P&G has always struggled with the state of the economy. The company, which had dominated the rapidly evolving consumer goods market for decades, has had difficulty gaining traction in recent years. One year after its opening, P&G announced plans to close its $300 million Nigerian production facility in 2018, according to Premium Times.

The company reduced its operations in the nation and laid off employees in 2021. It declared at the time that it had no intention of leaving Nigeria.

2023 has proven to be exceptionally challenging for Nigerian businesses.

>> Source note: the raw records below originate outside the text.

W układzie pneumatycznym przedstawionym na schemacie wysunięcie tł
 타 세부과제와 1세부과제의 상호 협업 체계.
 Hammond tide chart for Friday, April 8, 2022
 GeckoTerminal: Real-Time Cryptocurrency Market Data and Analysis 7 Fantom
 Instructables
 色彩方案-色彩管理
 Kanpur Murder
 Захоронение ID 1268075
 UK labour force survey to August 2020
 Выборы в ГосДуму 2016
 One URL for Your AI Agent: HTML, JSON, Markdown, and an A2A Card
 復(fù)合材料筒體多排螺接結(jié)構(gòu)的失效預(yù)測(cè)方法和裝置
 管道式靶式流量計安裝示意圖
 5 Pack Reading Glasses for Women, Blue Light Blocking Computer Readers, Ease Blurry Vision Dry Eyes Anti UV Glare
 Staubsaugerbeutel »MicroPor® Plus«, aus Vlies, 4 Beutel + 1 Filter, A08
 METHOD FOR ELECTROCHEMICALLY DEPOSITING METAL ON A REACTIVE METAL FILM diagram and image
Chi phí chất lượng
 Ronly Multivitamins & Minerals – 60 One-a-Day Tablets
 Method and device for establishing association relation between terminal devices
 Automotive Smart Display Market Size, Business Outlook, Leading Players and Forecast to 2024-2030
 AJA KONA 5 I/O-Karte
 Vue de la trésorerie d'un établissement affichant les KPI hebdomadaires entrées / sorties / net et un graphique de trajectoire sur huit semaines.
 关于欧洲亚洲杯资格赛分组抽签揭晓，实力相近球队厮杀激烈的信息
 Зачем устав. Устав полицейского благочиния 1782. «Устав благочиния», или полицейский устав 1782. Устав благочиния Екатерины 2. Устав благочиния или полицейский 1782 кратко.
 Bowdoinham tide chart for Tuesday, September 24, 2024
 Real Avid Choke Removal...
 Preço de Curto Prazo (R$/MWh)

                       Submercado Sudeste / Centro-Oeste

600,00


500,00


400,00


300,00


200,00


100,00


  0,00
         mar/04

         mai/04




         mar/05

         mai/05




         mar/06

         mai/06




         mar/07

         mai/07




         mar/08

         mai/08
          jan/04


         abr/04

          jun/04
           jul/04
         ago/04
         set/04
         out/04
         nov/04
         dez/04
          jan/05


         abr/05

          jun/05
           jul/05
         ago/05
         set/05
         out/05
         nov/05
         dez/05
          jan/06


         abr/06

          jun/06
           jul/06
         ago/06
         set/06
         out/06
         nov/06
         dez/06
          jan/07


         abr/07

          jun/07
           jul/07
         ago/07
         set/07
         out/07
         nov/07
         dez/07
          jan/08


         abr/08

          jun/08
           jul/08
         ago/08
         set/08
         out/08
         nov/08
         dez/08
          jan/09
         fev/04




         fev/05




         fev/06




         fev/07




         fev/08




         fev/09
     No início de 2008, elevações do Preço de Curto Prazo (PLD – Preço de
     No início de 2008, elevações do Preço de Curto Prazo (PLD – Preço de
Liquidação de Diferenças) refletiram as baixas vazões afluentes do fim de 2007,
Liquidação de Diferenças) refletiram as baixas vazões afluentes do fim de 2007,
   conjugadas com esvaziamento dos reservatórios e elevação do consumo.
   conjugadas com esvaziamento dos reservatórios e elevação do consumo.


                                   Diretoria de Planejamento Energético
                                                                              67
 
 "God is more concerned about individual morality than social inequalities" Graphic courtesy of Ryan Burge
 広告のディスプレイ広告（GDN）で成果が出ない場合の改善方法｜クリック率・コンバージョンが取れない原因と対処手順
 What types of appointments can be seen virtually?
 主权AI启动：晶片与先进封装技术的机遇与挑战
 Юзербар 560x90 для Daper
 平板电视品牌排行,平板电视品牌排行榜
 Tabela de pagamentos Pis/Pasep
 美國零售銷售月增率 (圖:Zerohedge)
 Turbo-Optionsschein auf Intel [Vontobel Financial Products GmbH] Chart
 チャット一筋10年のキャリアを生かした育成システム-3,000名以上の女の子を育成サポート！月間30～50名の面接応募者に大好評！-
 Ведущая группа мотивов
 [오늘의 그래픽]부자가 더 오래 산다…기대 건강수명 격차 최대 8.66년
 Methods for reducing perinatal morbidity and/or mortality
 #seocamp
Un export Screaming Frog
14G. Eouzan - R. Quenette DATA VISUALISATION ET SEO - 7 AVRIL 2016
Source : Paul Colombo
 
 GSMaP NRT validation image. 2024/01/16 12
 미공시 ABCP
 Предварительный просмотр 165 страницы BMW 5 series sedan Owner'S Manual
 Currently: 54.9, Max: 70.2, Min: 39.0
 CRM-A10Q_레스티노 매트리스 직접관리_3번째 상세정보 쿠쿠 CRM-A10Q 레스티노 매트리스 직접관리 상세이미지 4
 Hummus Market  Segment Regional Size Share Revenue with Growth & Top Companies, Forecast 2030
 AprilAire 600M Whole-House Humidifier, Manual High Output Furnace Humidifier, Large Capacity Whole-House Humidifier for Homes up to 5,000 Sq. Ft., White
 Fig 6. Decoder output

The previously struggling economy has faced further difficulties, exacerbated by the implementation of various reforms such as the removal of the fuel subsidy and the naira float by the current government.

The resulting impact is a rise in the cost of living and conducting business in the country, leading to numerous companies downsizing or closing operations in Nigeria.

A few months after Unilever Nigeria declared its intention to leave Nigeria’s home care and skin cleansing markets in search of a more lucrative and long-term business plan.

Similarly, after more than 51 years in the Nigerian market, GlaxoSmithKline UK, a significant player in the pharmaceutical industry, left the country due to issues with foreign exchange, security, and high operating costs.

Additionally, in October, Guinness Nigeria Plc announced that it would no longer be importing or selling premium spirit brands from abroad, such as Baileys, Singleton, Johnnie Walker, and others.

The move is expected to decrease its foreign exchange needs, which will help offset the adverse effects of enduring foreign exchange scarcity and fluctuations in exchange rates on its financial performance.